Other Patches and Updates
After the upgrade Java, SSH and SSL are all backlevel. They install at:
Java8 8.0.0.800
SSL 3.0.10.1001
SSH 8.1.112.2000
The latest patched levels are:
Java8 8.0.0.821
SSL 3.0.10.1002
SSH 9.2.112.2000
You can download the Java patches from Fix Central. You can also download SSH and SSL from the web download site.

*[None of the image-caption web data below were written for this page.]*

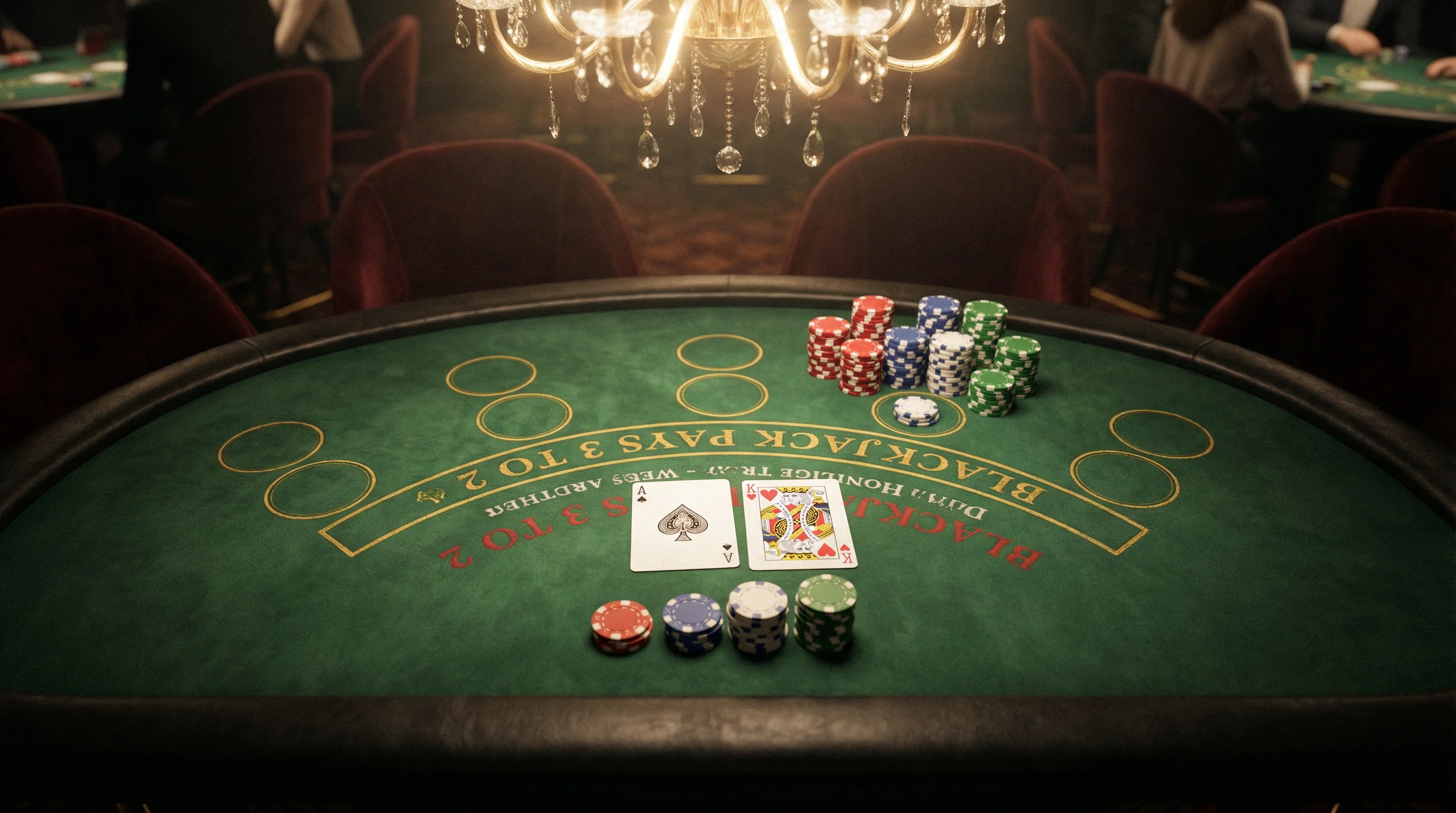 Blackjack Online - Jogo de 21 no 879bet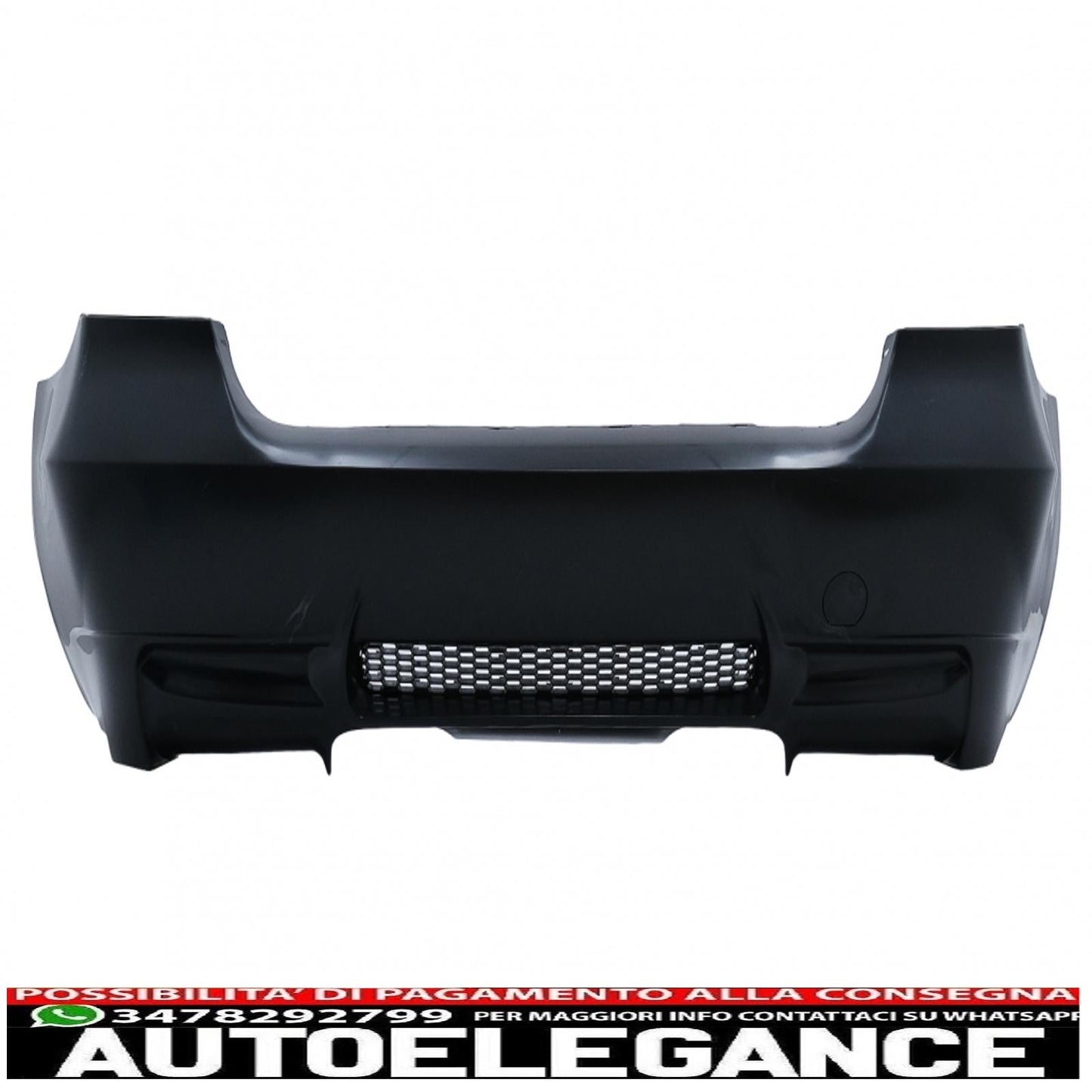 body kit suitable for bmw 3 series e90 (2005-2008) m3 design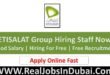 Etisalat Group Jobs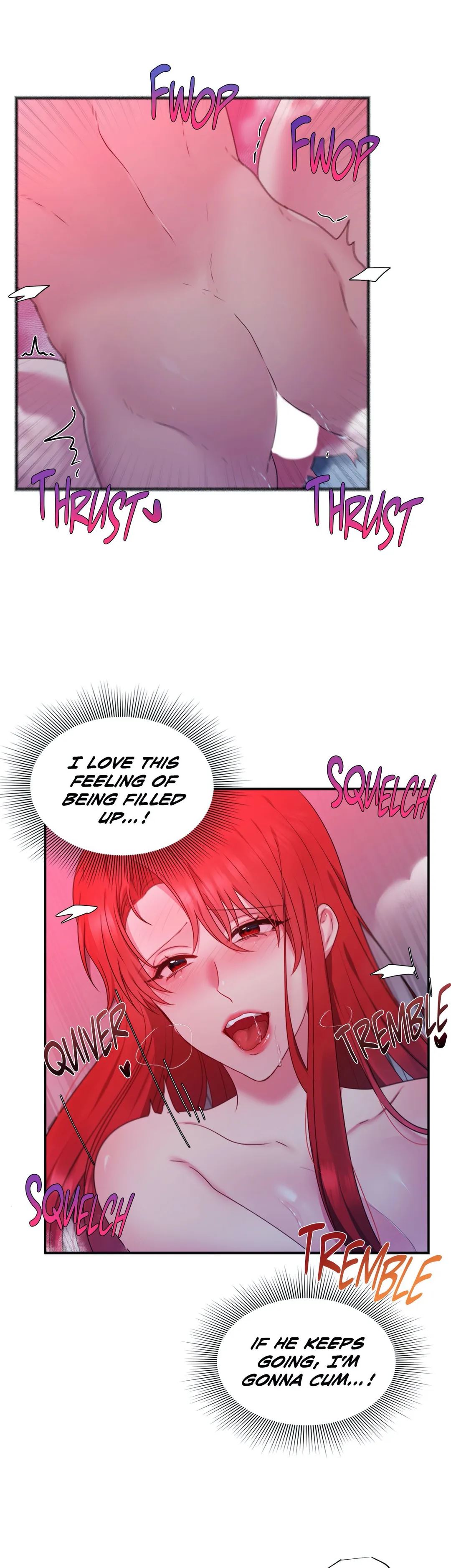 His Majesty is Mine Chapter 35 - Side Story 2 (The End) image 14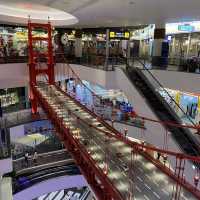 All world in one shopping mall - Terminal 21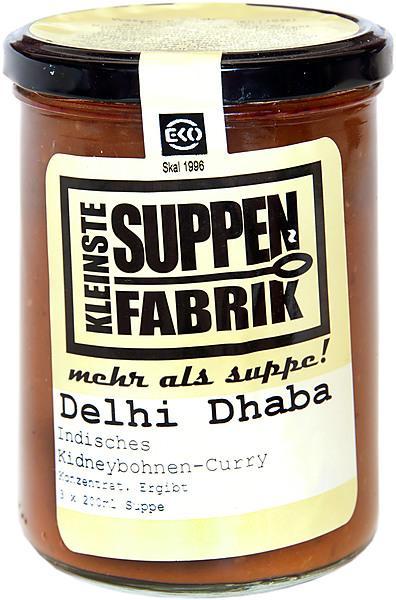 Dehli dhaba (40cl)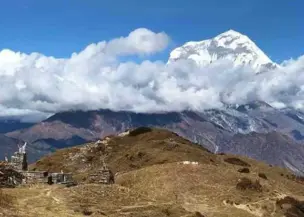 Kopra Ridge Panorama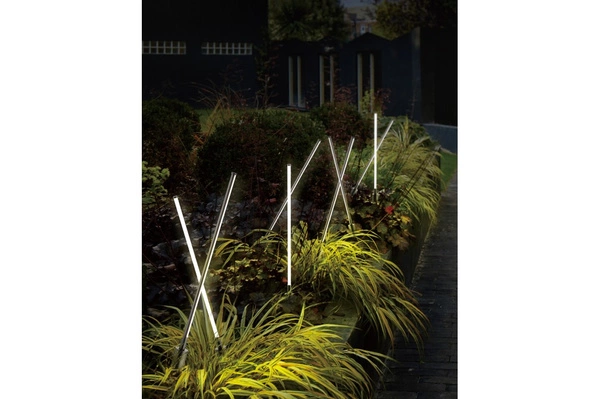 Azzardo FREDO 98 IP54 4000K BK 5338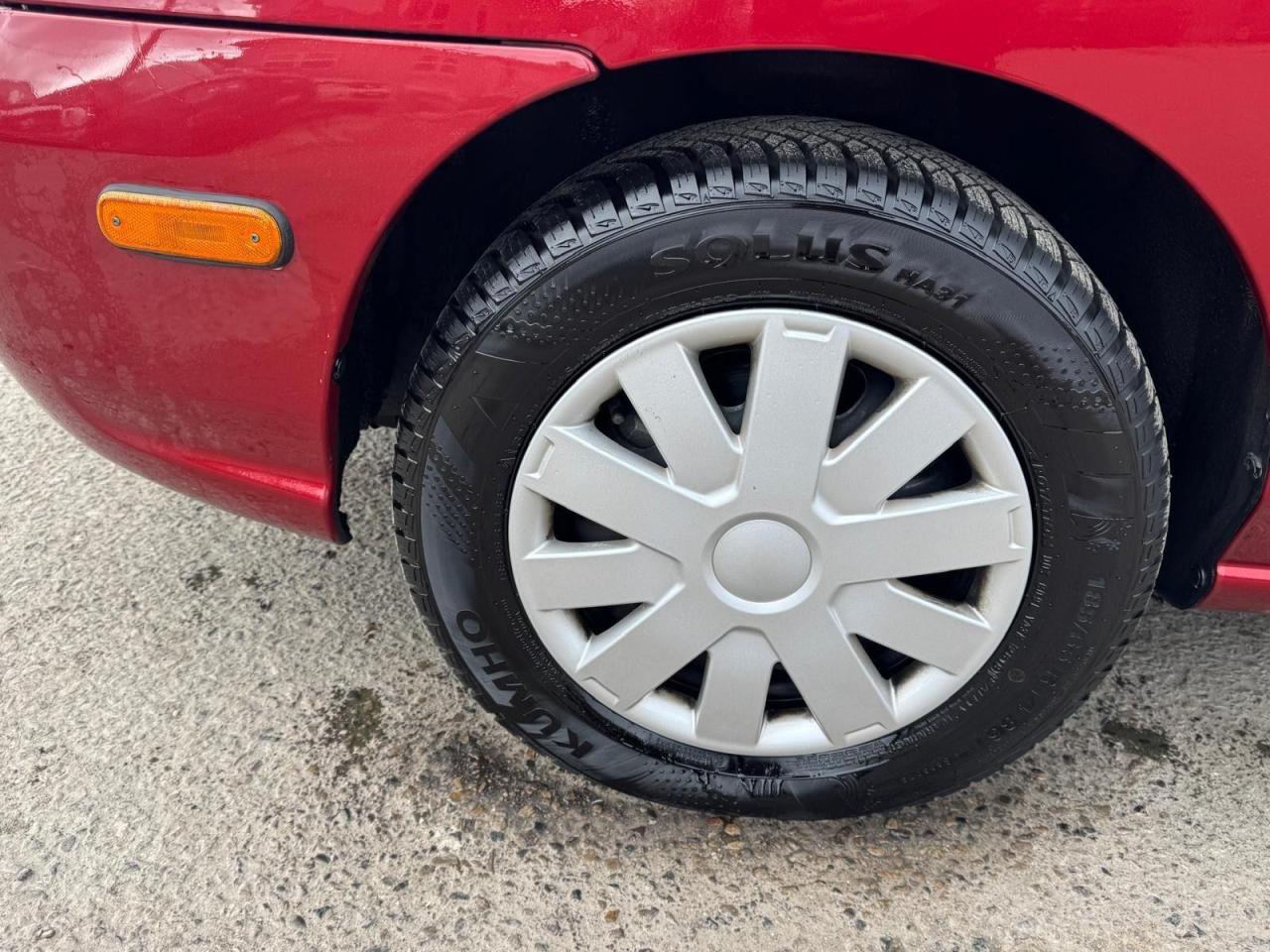 2003 Suzuki Aerio SEDAN, MINT CONDITION, ONLY 37KMS, AUTO, CERTIFIED - Photo #9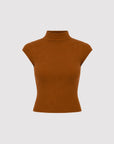 After Hours Cap Top Tan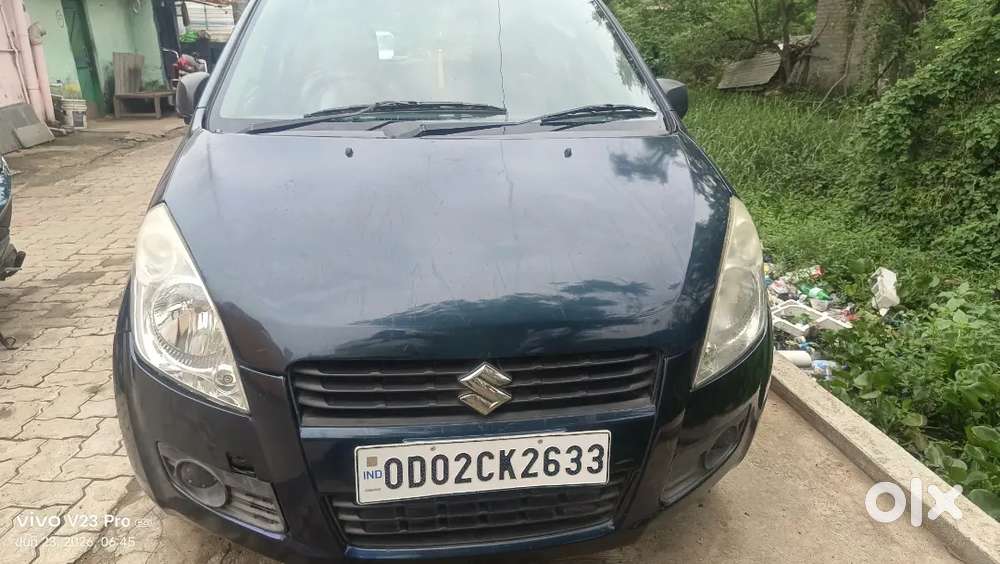 Maruti Suzuki Ritz 2010 Petrol 98000 Km Driven-i Want To Sell My Car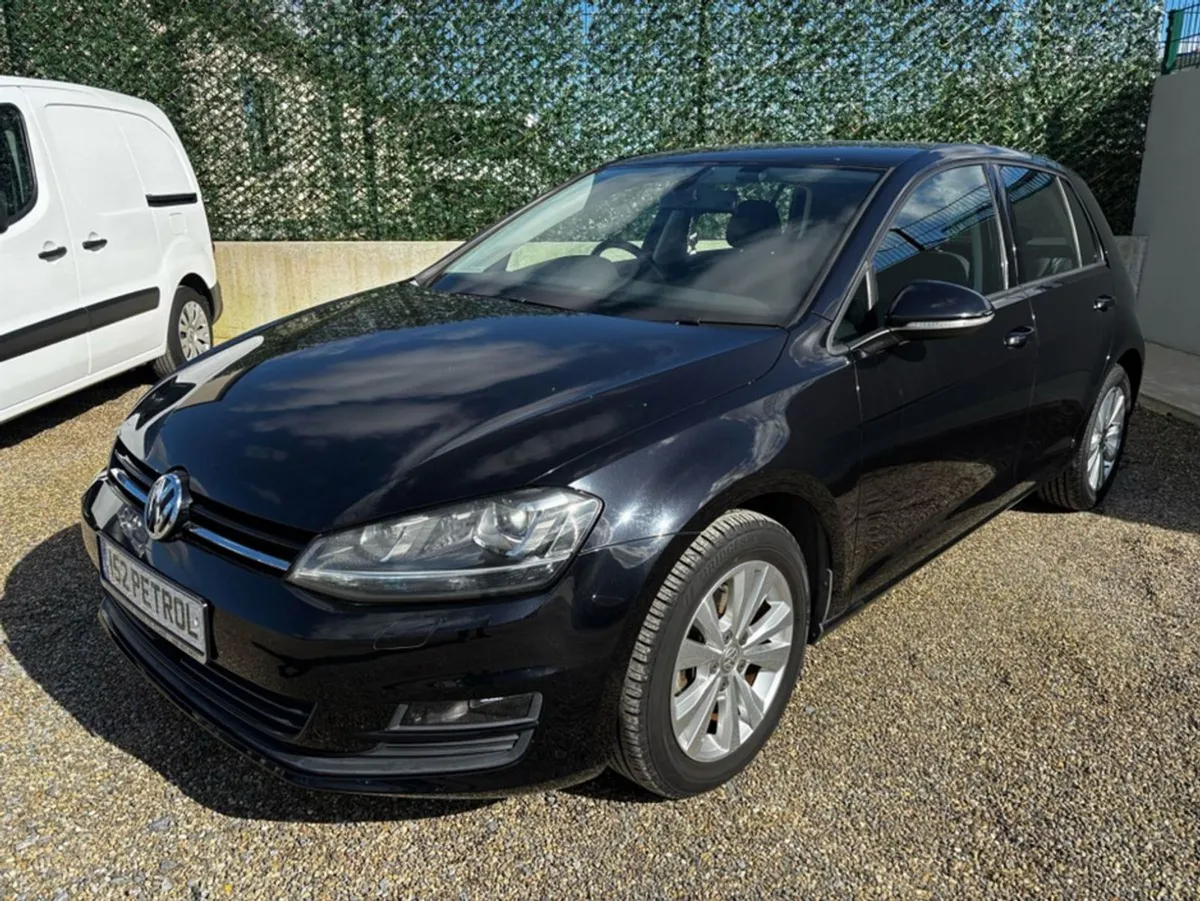 Volkswagen Golf 1.2 tsi Bluemotion - Image 3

You should also get the updated rpm, perl and python from the web download site.
rpm.rte 4.18.1.2003
After updating rpm, you should run updtvpkg:
perl.rte 5.34.1.6
python3.9.base 3.9.18.2
Finally, there are security patches you need to download from the security site and apply. As of today, these are:
curl_fix4.tar
openssh_fix16.tar
openssl_fix40.tar
sendmail_fix4.tar
kernel_fix7.tar
I have not yet put on kernel_fix7 so my emgr shows the following patches prior to that:
# emgr -P
PACKAGE INSTALLER LABEL
======================================================== =========== ==========
oss.lib.libcurl installp 46218ma
openssh.base.client installp 92112ma
openssh.base.server installp 92112ma
openssl.base installp 301002sa
bos.net.tcp.sendmail installp IJ50428s1a
# emgr -l
ID STATE LABEL INSTALL TIME UPDATED BY ABSTRACT
====== ================ ================= ========== ======================================
1 S 46218ma 04/20/24 19:22:40 ifix for libcurl CVE
2 S 92112ma 04/20/24 19:23:04 ifix for openssh Jan CVEs
3 S 301002sa 04/20/24 19:23:47 ifix for openssl CVEs
4 S IJ50428s1a 04/20/24 19:24:11 IJ50428 for AIX 7.3 TL2 SP1
Logging
By default, there is no real logging on the VIO servers, so I add logging. I create a filesystem called /usr/local/logs and create four files in it (mailog, syslog, Infolog, messages). Then I add the following to /etc/syslog.conf and stop and restart syslogd.
#
mail.debug /usr/local/logs/mailog rotate size 2m files 10 compress
*.emerg /usr/local/logs/syslog rotate size 2m files 10 compress
*.alert /usr/local/logs/syslog rotate size 2m files 10 compress
*.crit /usr/local/logs/syslog rotate size 2m files 10 compress
*.err /usr/local/logs/syslog rotate size 2m files 10 compress
auth.notice /usr/local/logs/infolog rotate size 2m files 10 compress
*.info /usr/local/logs/messages rotate size 2m files 10 compress
Fibre Adapters
Some of the servers I work on have fibre ports that are not connected or they have the 4-port 1Gb/10Gb network card when the 10Gb ports show as both ent and fcs ports. I had unconfigured them ages ago but after the upgrade they came back as configured and I was getting link errors. So, I unconfigured them again as follows:
As padmin:
rmdev -dev fcs4 -recursive -ucfg
rmdev -dev fcs5 -recursive -ucfg
chdev -dev fscsi4 -attr autoconfig=defined
chdev -dev fscsi5 -attr autoconfig=defined
I also ran into an issue where certain fibre adapters in IBM Power Systems are incorrectly registered as targets instead of initiators in the SAN fabric. This is explained here.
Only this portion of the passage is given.